The secret center of the partnership was at the U.S. Army garrison in Wiesbaden, Germany. Each morning, U.S. and Ukrainian military officers set targeting priorities — Russian units, pieces of equipment or infrastructure. American and coalition intelligence officers searched satellite imagery, radio emissions and intercepted communications to find Russian positions. Task Force Dragon then gave the Ukrainians the coordinates so they could shoot at them.
In spring 2022, the Biden administration agreed to send High Mobility Artillery Systems, or HIMARS, which used satellite-guided rockets for strikes up to 50 miles distant.

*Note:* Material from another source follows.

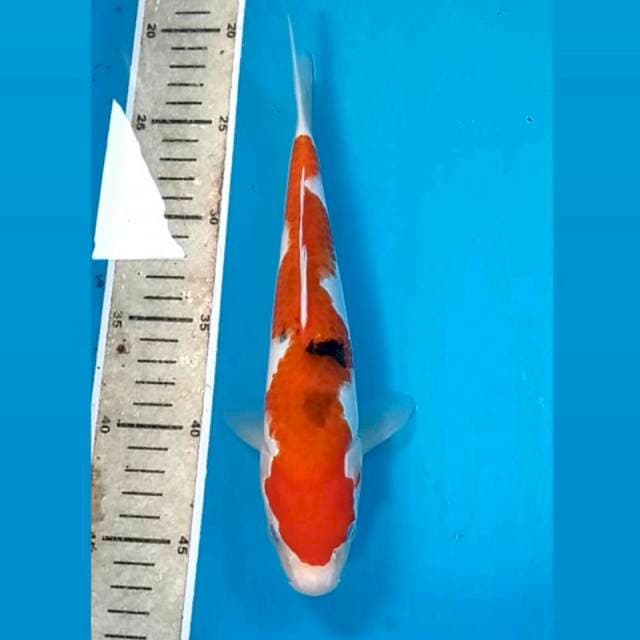 Sanke, 25 cm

In the war’s first year, the Ukrainians were extremely dependent on the Americans for intelligence, and Task Force Dragon vetted and oversaw virtually every HIMARS strike. The strikes caused Russian casualty rates to soar.

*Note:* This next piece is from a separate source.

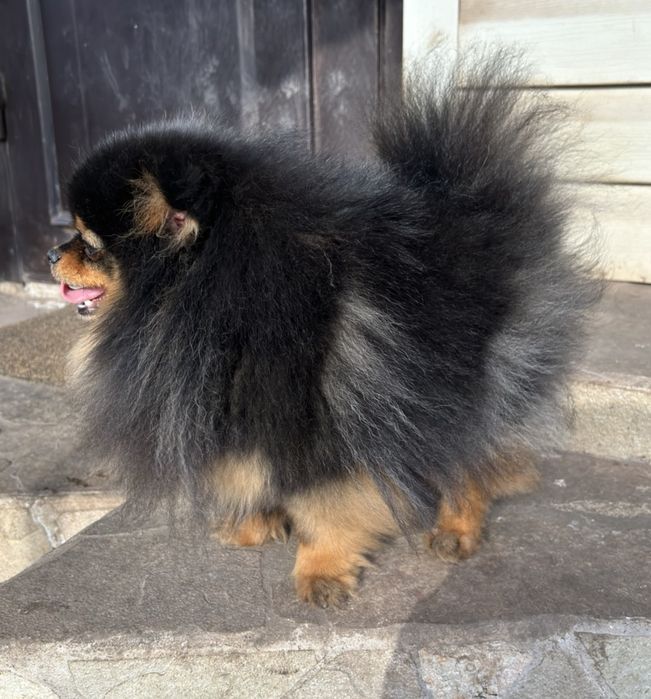 Мини малышка)Супер ласковая!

Easing a prohibition against American boots on Ukrainian ground, Wiesbaden was allowed to put about a dozen military advisers in Kyiv. To avoid drawing public attention to their presence, the Pentagon initially called them “subject matter experts.” Later the team was expanded, to about three dozen, and the military advisers were eventually allowed to travel to Ukrainian command posts closer to the fighting.
In January 2024, U.S. and Ukrainian military officers in Wiesbaden jointly planned a campaign — using coalition-supplied long-range missiles, along with Ukrainian drones — to attack about 100 Russian military targets across Crimea. The campaign, named Operation Lunar Hail, largely succeeded in forcing the Russians to pull equipment, facilities and forces in Crimea back to the Russian mainland.
Ultimately, the U.S. military and C.I.A. were allowed to help with strikes into Russia. […] Longstanding policy barred the C.I.A. from providing intelligence on targets on Russian soil. But the C.I.A. could request “variances,” carve-outs to support strikes for specific objectives. Intelligence had identified a vast munitions depot in Toropets, 290 miles north of the Ukrainian border.
On Sept. 18, 2024, a swarm of drones slammed into the munitions depot. The blast, as powerful as a small earthquake, opened a crater the width of a football field. Later, the C.I.A. was allowed to enable Ukrainian drone strikes in southern Russia to try to slow advances in eastern Ukraine.